The majority of treatment-emergent adverse events were mild or moderate. The most frequently reported adverse drug reactions were injection site reactions and upper respiratory tract infections (most frequently nasopharyngitis) and generally did not lead to treatment discontinuations. Overall, the safety profile was comparable to etanercept in these two clinical studies.
Ixekizumab is the company’s investigational medicine for the treatment of moderate-to-severe plaque psoriasis and active psoriatic arthritis.
Lilly About Ixekizumab
Ixekizumab is an IgG4 monoclonal antibody that selectively binds with interleukin 17A (IL-17A) cytokine and inhibits its interaction with the IL-17 receptor. IL-17A is a naturally occurring cytokine that is involved in normal inflammatory and immune responses. Ixekizumab inhibits the release of pro-inflammatory cytokines and chemokines.

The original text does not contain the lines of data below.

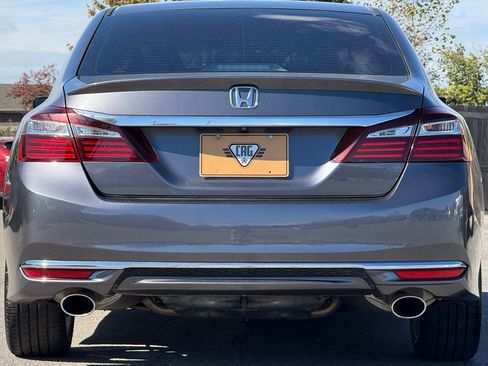 Used 2017 Honda Accord Sport image 4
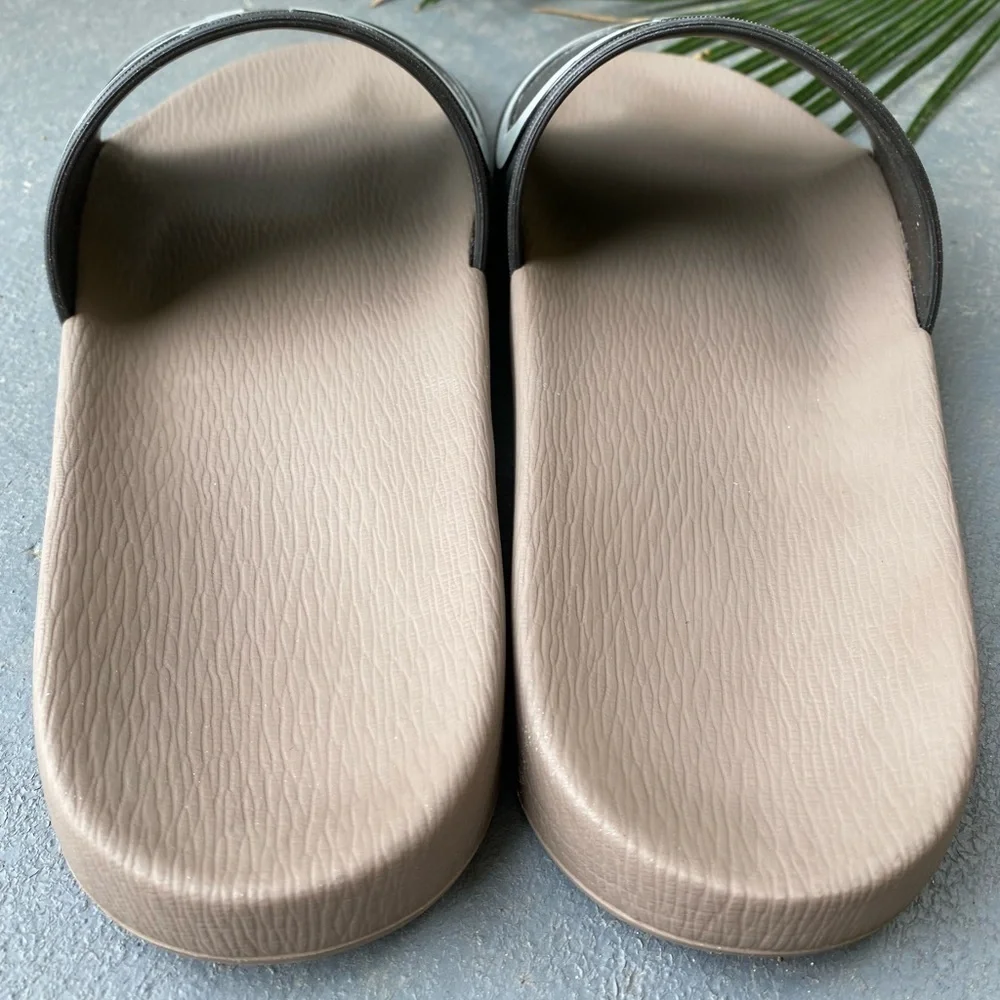 SALVATORE FERRAGAMO Gancini Pool Slides Women’s 10 / Men’s size 8 - Picture 8 of 10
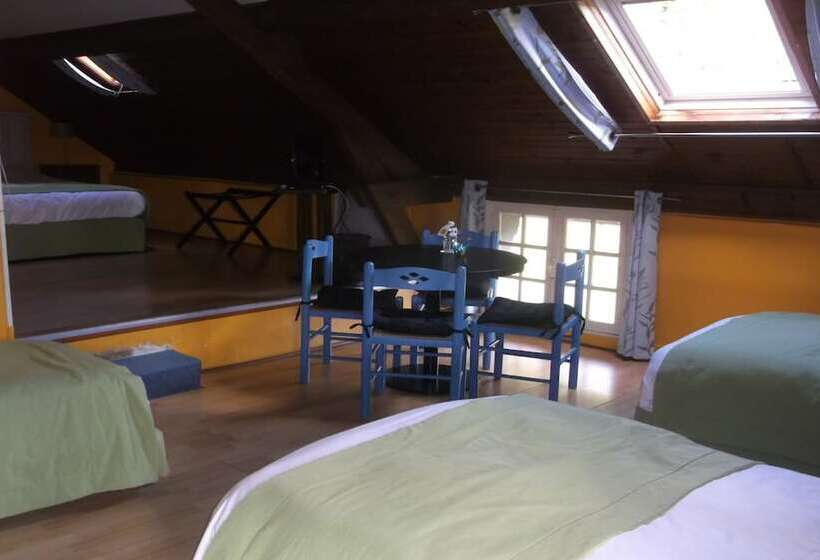Quarto Familiar, Logis Hôtel Restaurant Auberge Saint Martin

Just day later, Novartis issued press release about its own study:
Novartis has announced new late-breaking data from the head-to-head CLEAR study, demonstrating that Cosentyx (secukinumab) remains superior to Stelara (ustekinumab) in achieving sustained skin clearance (PASI 90 response) at 52 weeks for adults living with moderate-to-severe psoriasis. These findings were presented for the first time at the American Academy of Dermatology (AAD) Annual Meeting in Washington, DC.
In its press release Novartis said that Cosentyx is the first fully human interleukin-17A inhibitor approved for adults to treat moderate-to-severe plaque psoriasis, and was recently approved for the treatment of psoriatic arthritis and ankylosing spondylitis in the EU and US.
“Cosentyx continues to demonstrate superior and sustainable efficacy against currently available biologics and is a proven first-line treatment option for adult patients with moderate-to-severe psoriasis,” said Vasant Narasimhan, Global Head, Drug Development and Chief Medical Officer, Novartis. “Cosentyx has the potential to give more people with psoriasis than ever before the benefit of long-lasting skin clearance.”
The ultimate aim of psoriasis treatment is clear skin, and the Psoriasis Area Severity Index (PASI) 90 response is considered an important measure of treatment success. Meeting all primary and secondary endpoints at Weeks Four, 16 and 52, Cosentyx demonstrated it remains consistently superior to Stelara in achieving and sustaining PASI 90 response (76.2% vs. 60.6%; P<0.0001), and significantly better in achieving PASI 100 (clear skin) response (45.9% vs. 35.8%; P=0.0103) at 52 weeks. Cosentyx also showed significantly greater and sustained Dermatology Life Quality Index (DLQI) 0/1 responses versus Stelara (71.6% vs. 59.2%; P=0.0008).
According to Novartis, the study also demonstrated Cosentyx had a superior rapid onset of action compared to Stelara, with half of Cosentyx patients achieving PASI 75 as early as Week Four (50.0% vs. 20.6%, P<0.0001)[4]. Cosentyx had a similar safety profileto that of Stelara in the study, which was consistent with that reported in the pivotal Cosentyx Phase III studies.
Affecting around 125 million people globally, psoriasis is a chronic skin condition that causes itching, scaling and pain, and can have a significant impact on physical and psychological wellbeing. Despite this, up to half of patients receive no treatment, and of those who do, many (52%) remain dissatisfied with their disease management.
Novartis About the CLEAR study
CLEAR (Comparison to assess Long-term Efficacy, sAfety and toleRability of secukinumab vs. ustekinumab) is a multi-center, double-blind, parallel-group study of Cosentyx (n=334) versus Stelara (n=335) to compare efficacy, safety and tolerability in adults with moderate-to-severe plaque psoriasis. Patients were randomized to receive either Cosentyx (300 mg) by subcutaneous injection at Baseline, Weeks One, Two and Three, then every four weeks from Week Four, or Stelara (dosing per package label). Cosentyx achieved the primary objective of superior PASI 90 response at Week 16. These data were published as an e-publication in the Journal of the American Academy of Dermatology, June 17, 2015. The 52-week PASI 90 response is a secondary objective in this study. PASI 100 and DLQI responses at 52 weeks are exploratory endpoints.